__Work item__.
All of the lines below need to be copied exactly, apart from the pictures.

:::

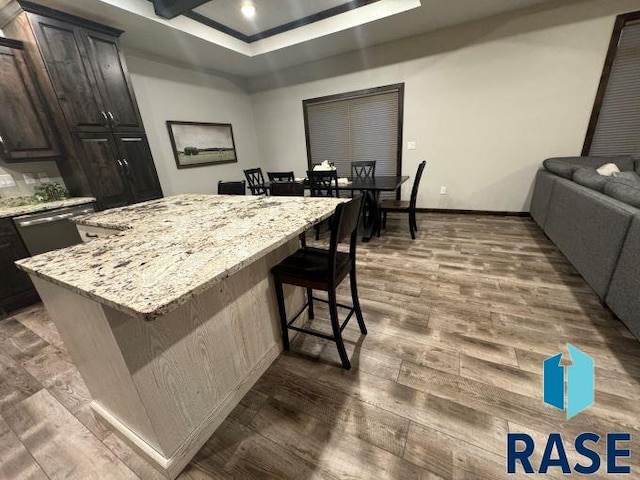 kitchen with dark hardwood / wood-style floors, a kitchen bar, a center island, light stone counters, and dark brown cabinetry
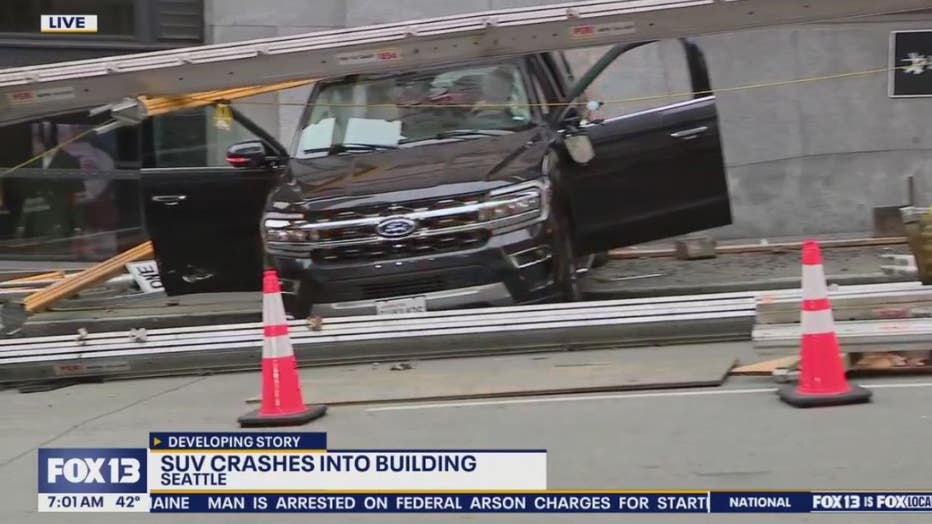 photo of a car that crashed into a building in downtown seattle monday morning. Scaffolding can be seen on top of he black SUV, which has both of its passenger doors open.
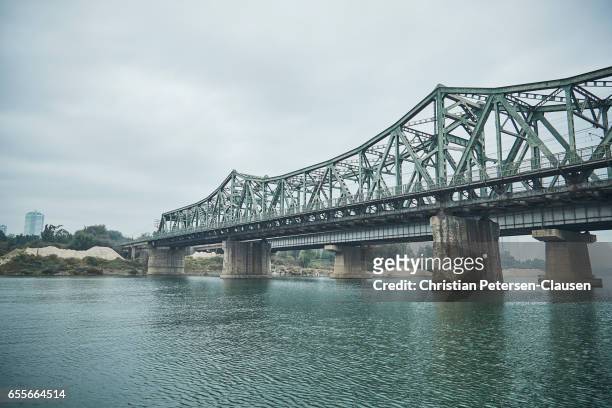 old bridge crossing taedong river - taedong river stock pictures, royalty-free photos & images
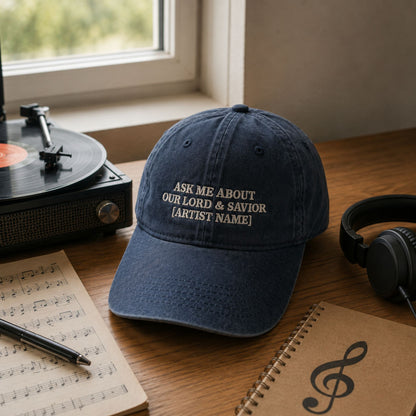 A navy blue baseball cap with white embroidered text reading 'ASK ME ABOUT OUR LORD & SAVIOR [ARTIST NAME]' sits on a wooden table in a music-themed setting, surrounded by a turntable, headphones, sheet music, and a notebook near a window.
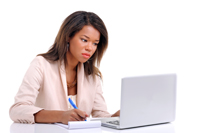 Photograph of a young black woman seated at a laptop with pen and paper in hand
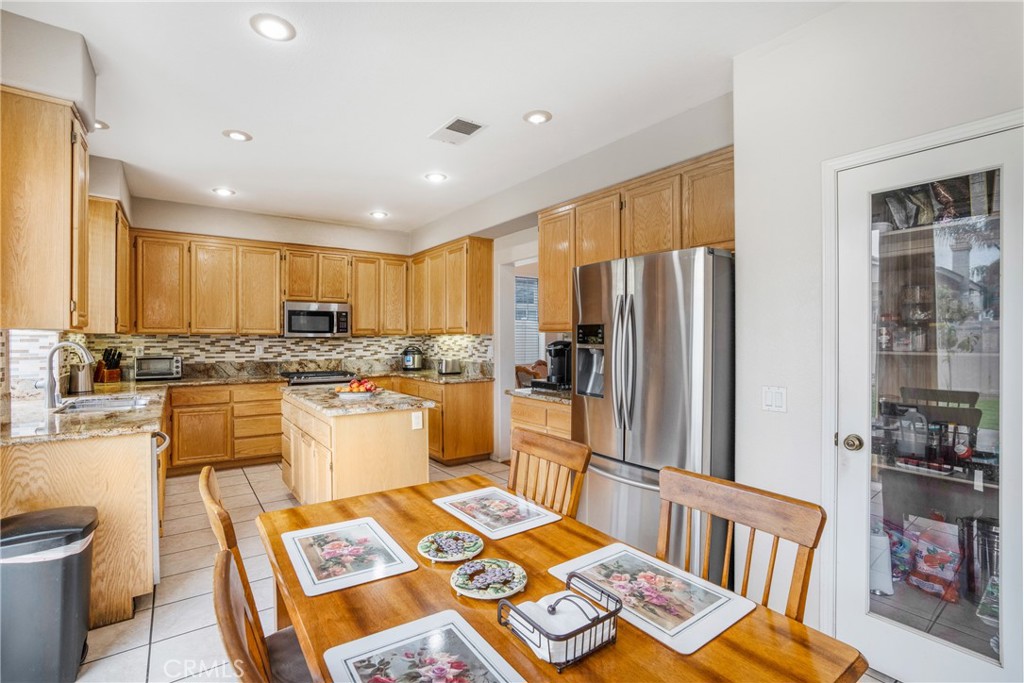 8946 Burlington Circle Riverside, CA 92508 - Photo 7 of 26 a kitchen with a refrigerator sink and cabinets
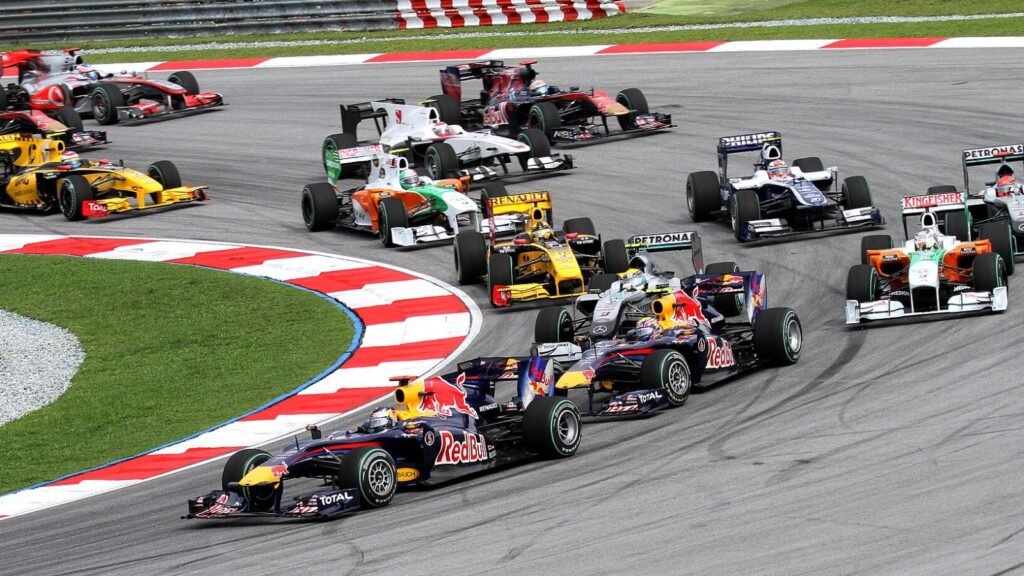 Formula One cars racing through a corner on a Grand Prix circuit
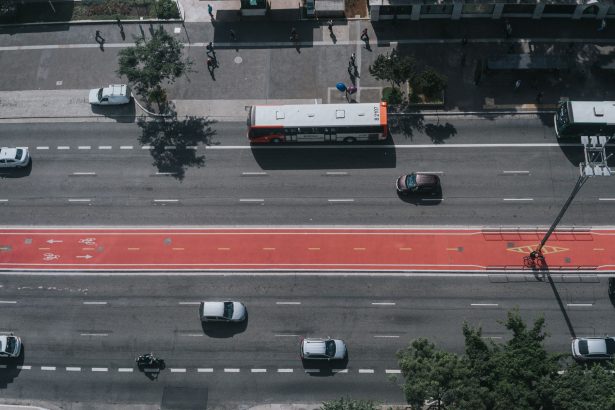 Vista aérea de uma via urbana movimentada, com carros, ônibus e ciclovias integrados ao sistema viário.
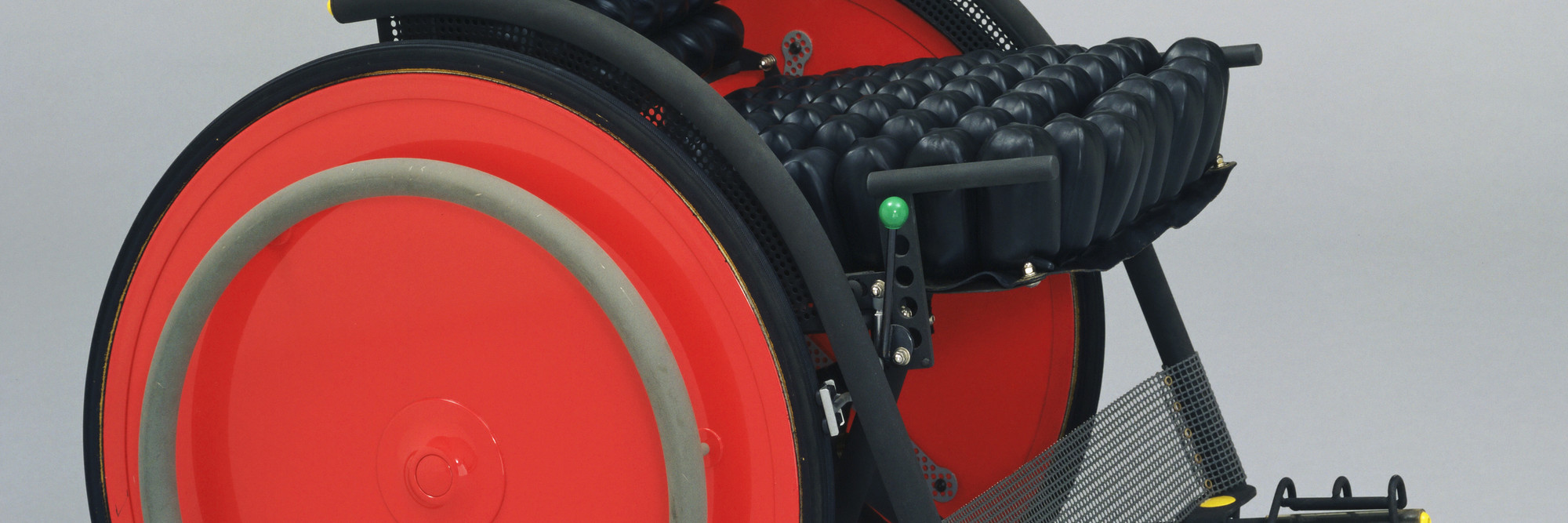 Kazuo Kawasaki. Carna Folding Wheelchair. 1989. Manufacturer: SIG Workshop Co. Ltd., Ishikawa, Japan. Titanium, rubber, and aluminum honeycomb, 33 × 22 × 35 1/4″ (83.8 × 55.9 × 89.5 cm). Gift of the designer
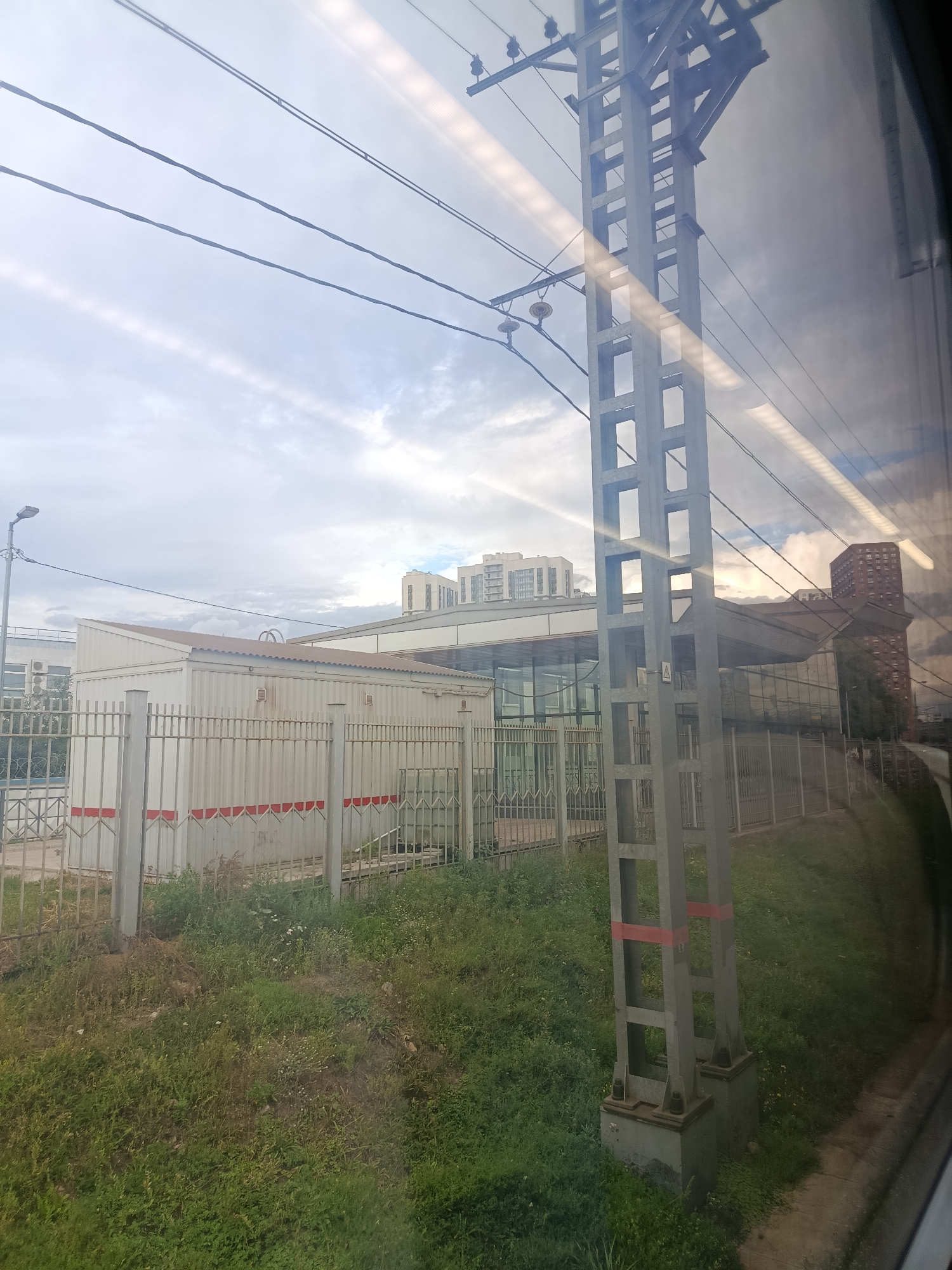 The image depicts a view from a train window, likely in Moscow, Russia, due to the presence of typical Russian urban infrastructure. In the foreground, a tall, grey metal electricity pylon with red banding stands prominently on the right side, a common sight along railway lines. The pylon supports multiple overhead power lines that stretch across the sky. To the left of the pylon, a long, white, corrugated metal building with a slightly sloped roof is visible behind a metal fence. The building appears to be some kind of utility or maintenance structure. Beyond this building, a modern glass-fronted structure with a curved roof and several tall residential buildings can be seen in the distance. The sky is overcast with streaks of light suggesting the sun is attempting to break through the clouds. The ground in front of the fence is covered in green grass and some weeds. The reflection of the interior of the train is visible on the train window, particularly on the right side of the image, distorting some of the view.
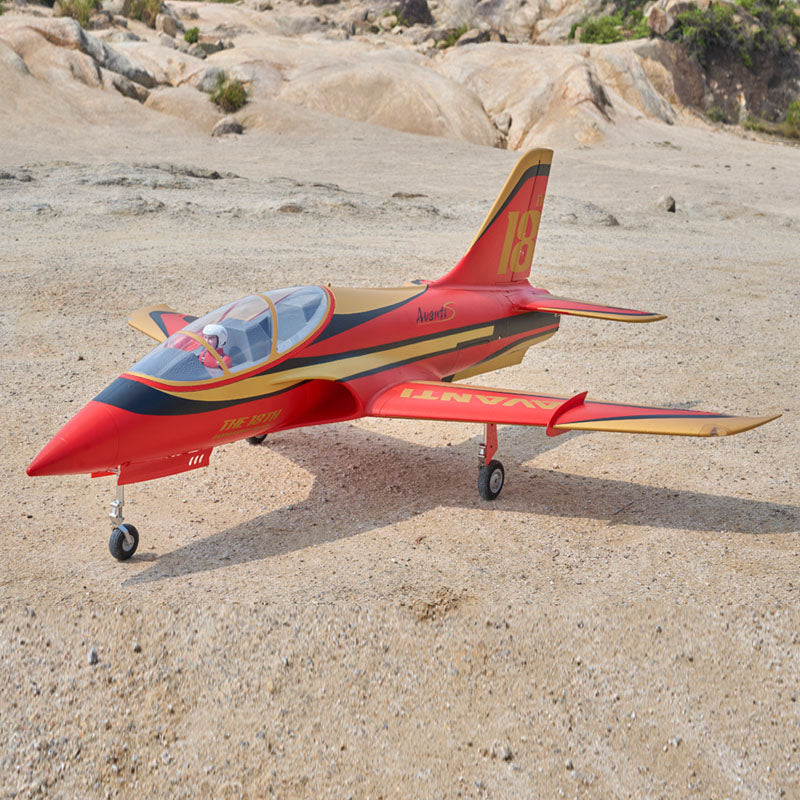 FMS 90mm Avanti EDF jet in vibrant red/gold, displayed on rocky ground.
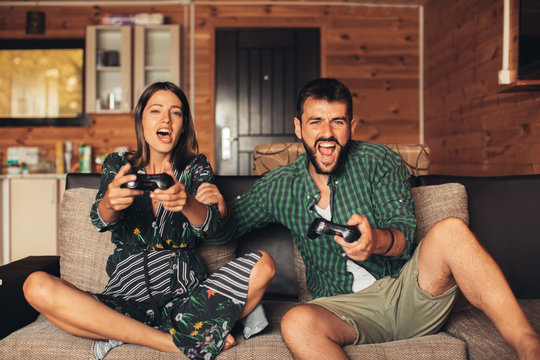 Young Couple Playing Video Game Together At Home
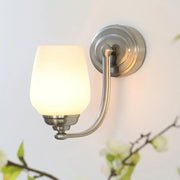 Brushed nickel wall lamp with milk glass shade softly glowing, ideal for stairways and indoor lighting
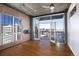 Sunlit living room with hardwood floors, offering expansive views and balcony access at 2020 Arapahoe St # 1130, Denver, CO 80205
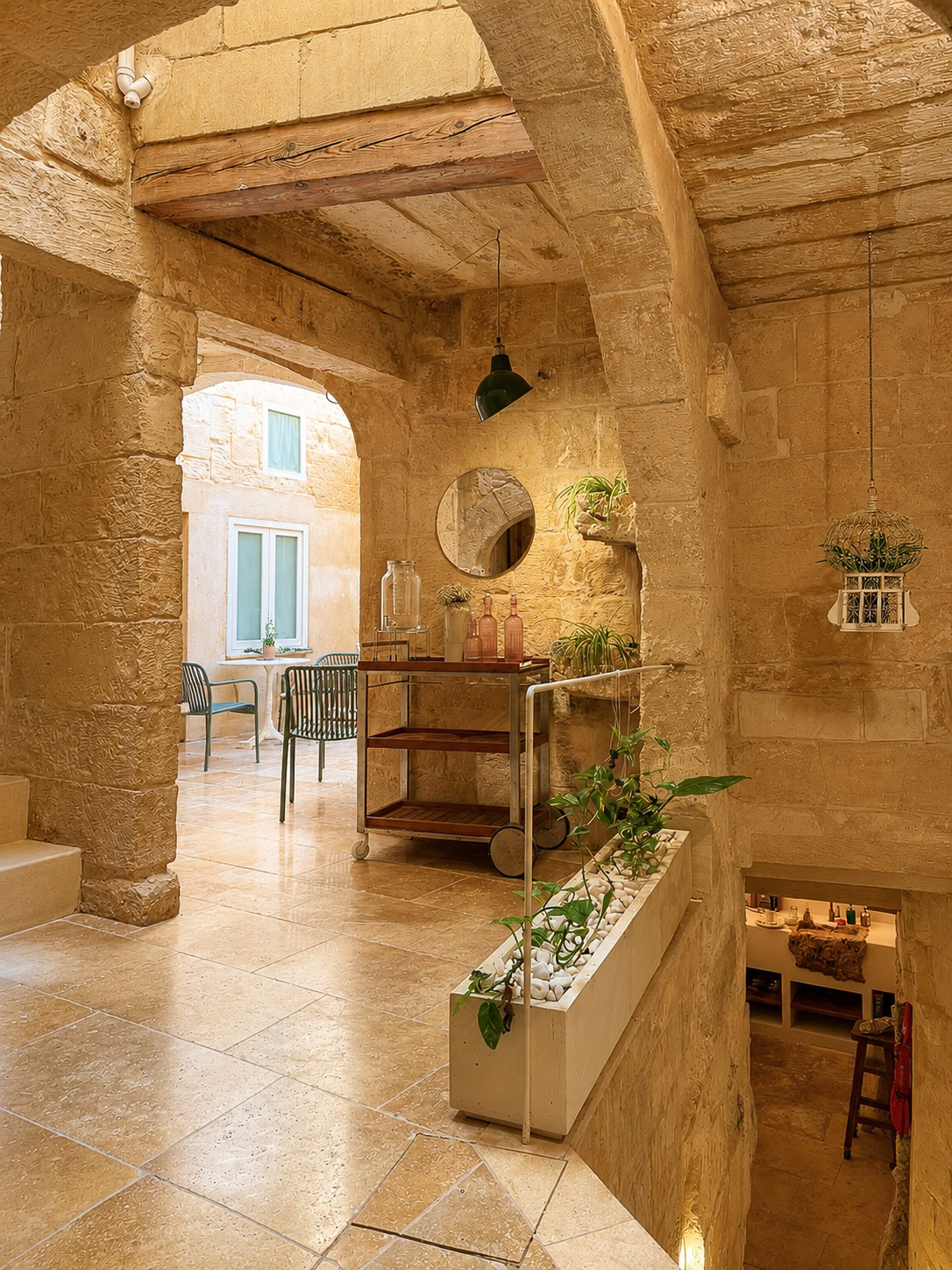Restored Maltese interior with arched window and stone walls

:::

__Result below__.
 kitchen with dark hardwood / wood-style floors, a kitchen bar, a center island, light stone counters, and dark brown cabinetry
 photo of a car that crashed into a building in downtown seattle monday morning. Scaffolding can be seen on top of he black SUV, which has both of its passenger doors open.
 old bridge crossing taedong river - taedong river stock pictures, royalty-free photos & images
 A navy blue baseball cap with white embroidered text reading 'ASK ME ABOUT OUR LORD & SAVIOR [ARTIST NAME]' sits on a wooden table in a music-themed setting, surrounded by a turntable, headphones, sheet music, and a notebook near a window.
 Photograph of a young black woman seated at a laptop with pen and paper in hand
 8946 Burlington Circle Riverside, CA 92508 - Photo 7 of 26 a kitchen with a refrigerator sink and cabinets
 Formula One cars racing through a corner on a Grand Prix circuit
 Vista aérea de uma via urbana movimentada, com carros, ônibus e ciclovias integrados ao sistema viário.
 Kazuo Kawasaki. Carna Folding Wheelchair. 1989. Manufacturer: SIG Workshop Co. Ltd., Ishikawa, Japan. Titanium, rubber, and aluminum honeycomb, 33 × 22 × 35 1/4″ (83.8 × 55.9 × 89.5 cm). Gift of the designer
 The image depicts a view from a train window, likely in Moscow, Russia, due to the presence of typical Russian urban infrastructure. In the foreground, a tall, grey metal electricity pylon with red banding stands prominently on the right side, a common sight along railway lines. The pylon supports multiple overhead power lines that stretch across the sky. To the left of the pylon, a long, white, corrugated metal building with a slightly sloped roof is visible behind a metal fence. The building appears to be some kind of utility or maintenance structure. Beyond this building, a modern glass-fronted structure with a curved roof and several tall residential buildings can be seen in the distance. The sky is overcast with streaks of light suggesting the sun is attempting to break through the clouds. The ground in front of the fence is covered in green grass and some weeds. The reflection of the interior of the train is visible on the train window, particularly on the right side of the image, distorting some of the view.
 FMS 90mm Avanti EDF jet in vibrant red/gold, displayed on rocky ground.
 Young Couple Playing Video Game Together At Home
 Brushed nickel wall lamp with milk glass shade softly glowing, ideal for stairways and indoor lighting
 Sunlit living room with hardwood floors, offering expansive views and balcony access at 2020 Arapahoe St # 1130, Denver, CO 80205
Restored Maltese interior with arched window and stone walls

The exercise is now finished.